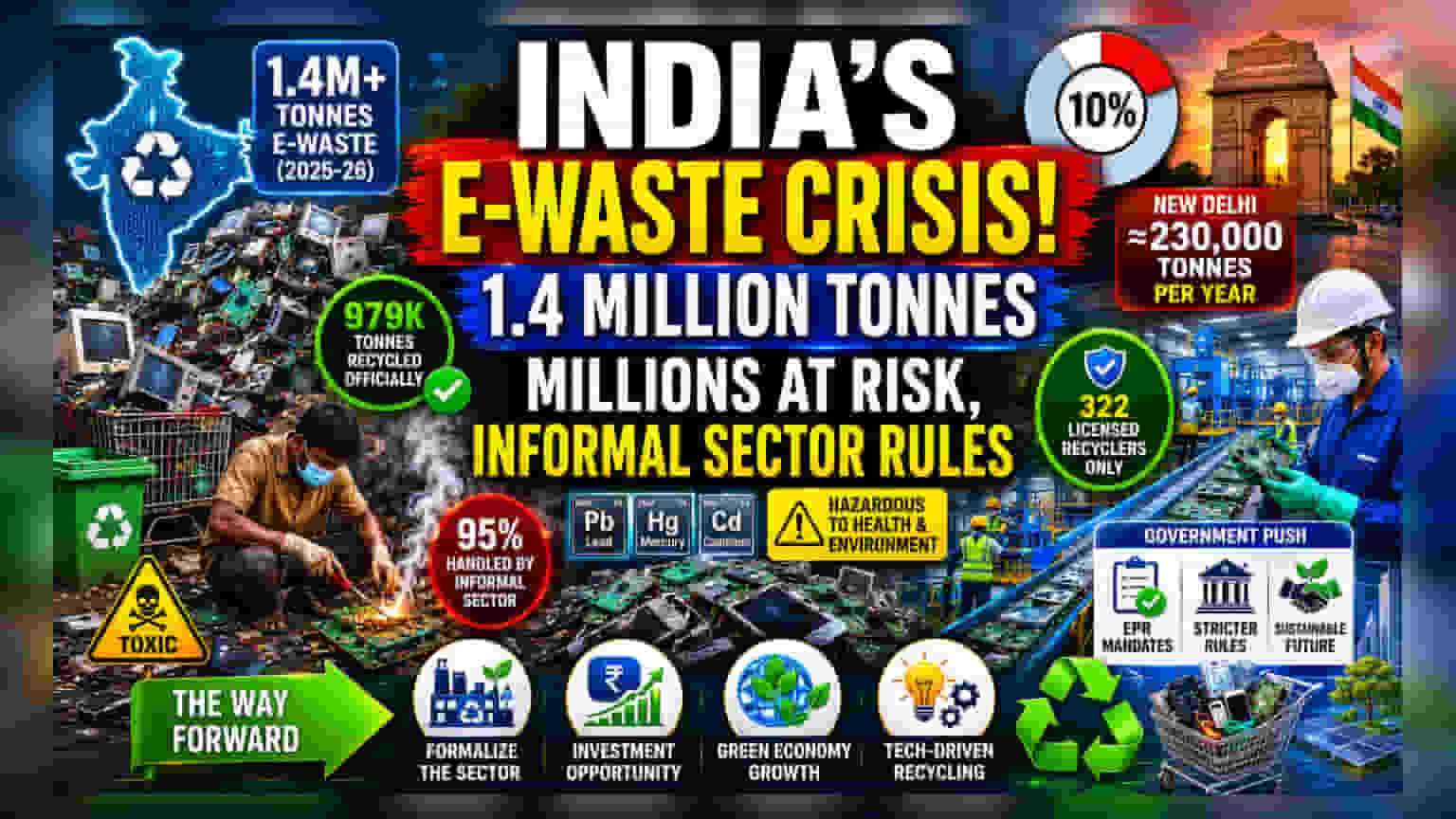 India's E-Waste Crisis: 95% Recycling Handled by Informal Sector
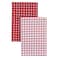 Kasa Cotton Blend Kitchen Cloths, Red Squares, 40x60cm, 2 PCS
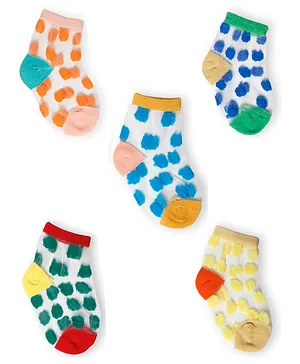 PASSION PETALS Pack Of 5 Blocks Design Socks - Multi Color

------------------------

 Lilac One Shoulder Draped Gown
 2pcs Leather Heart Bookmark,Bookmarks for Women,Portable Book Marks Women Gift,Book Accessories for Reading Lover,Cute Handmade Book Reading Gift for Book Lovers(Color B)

------------------------

_Exercise description_
Copy exactly the lines of the entries above from the one containing "India's E-Waste Crisis: 95%" through the one containing "PASSION PETALS Pack". Both end lines count; pictures do not.

_The completed task_
 India's E-Waste Crisis: 95% Recycling Handled by Informal Sector
 Kasa Cotton Blend Kitchen Cloths, Red Squares, 40x60cm, 2 PCS
 PASSION PETALS Pack Of 5 Blocks Design Socks - Multi Color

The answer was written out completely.